# Toilet issues! :(



## Lauramegan (Sep 12, 2011)

I've tried to find my answer looking through old posts but I can't quite get the info I need!
So, Isaac seems to be really naughty with the toilet situation. We've had him 3 days, he just wee's wherever he wants, only tiny little wee's but everywhere! Every time he did it I said no and took him outside and said wee wee's! But he just sits at the for crying, doesn't even look around!! Sometimes he does go outside, like after he has been in his crate if I put him out first of all he will wee, and once or twice he has poo'd! I have rewarded him with treats every time he has been good outside!
But now he has been so naughty, so I take him outside for wee's and he will sit there and cry at the door, I bring him in and he will run to the kitchen to do a wee! Argh! 
He also used to poo only in the kitchen but now he just poos anywhere he fancys! He doesn't even look like he needs to go, he just walks around and just poos where ever he wants, bedroom, kitchen, bathroom, lounge! Ugh. So bad!! My OH gets really angry and gets cross with the dog. 
What can we do to stop him from being so naughty?! He just won't go outside, I have been recommended a spray to make him go, and I will buy that.
I'm going to try and disinfect the kitchen floor and get his smell out. But any other ideas will help me out!

Oh but on a better note he slept really well. Cried and went to the sleep, then woke at 4 when my baby woke and he went outside (no wee) and then slept until 6 and my OH got up for work and played with him and fed him etc then he went back to sleep till 8  good dog.


----------



## wellerfeller (Jul 12, 2011)

Are you going outside with him or is he being put out on his own into the garden?


----------



## Rufini (Sep 9, 2011)

We had Vincent at 7 weeks old too and he was similar - would wee everywhere, although only pooped indoors twice.
The only thing I can advise is to keep trying! If he wees inside then tell him BAD DOG and then put him in a time out room (we put Vincent in the kitchen) for a few minutes. He will cry at you but be strong!
Vincent stopped weeing in the house about 2 weeks ago, although we keep having some accidents (yesterday he peeped in the kitchen and then the front room ).


----------



## Turi (Jun 28, 2011)

Hi Laura

I really feel for you – cleaning up pee and poo all day can’t be any fun. However, at the risk of sounding a bit pedantic Issac isn’t being ‘naughty’, these are just accidents and entirely normal and expected of a young puppy. He’s just a baby and your OH will soon realise that getting cross with Issac probably makes the problem *worse *because Issac is confused/nervous. 

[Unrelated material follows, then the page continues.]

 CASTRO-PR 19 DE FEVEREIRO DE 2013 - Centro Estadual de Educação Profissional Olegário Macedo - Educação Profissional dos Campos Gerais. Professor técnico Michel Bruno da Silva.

Puppies, like many other animals, instinctively want to keep their surroundings clean however accidents will happen when they’re little as their bowels/bladders just aren’t big or strong enough. Take Issac outside to toilet after waking up (even from a nap), drinking water, after eating, after playing and times of excitement or when he starts sniffing around the house. Some books suggest that you should take young puppies out every hour – exhausting stuff I know but if you pre-empt the peeing/pooing you’re less likely to have any accidents. Feeding Issac at the same times during the day should help as his ‘movements’ will become more predictable. (As an aside feed inside – dogs don’t like to ‘go’ where they eat). 

I’ve read that it can confuse things by using a key word as a prompt until he/she understands the association of the action with the word – in the first instance you just want him to toilet outside! Just stay silent, let Issac go and then praise enthusiastically saying ‘good pee pee’ or whatever key word you’ve chosen. 

If Issac goes in the wrong place don’t scold. Just take him to the correct place and leave him there whilst you clean up. Apparently dogs get a perverse pleasure from watching their owners cleaning up after them – little buggers!  If this _is _true, it might encourage good habits in their toileting if they see you cleaning up after they’ve gone in the right place. 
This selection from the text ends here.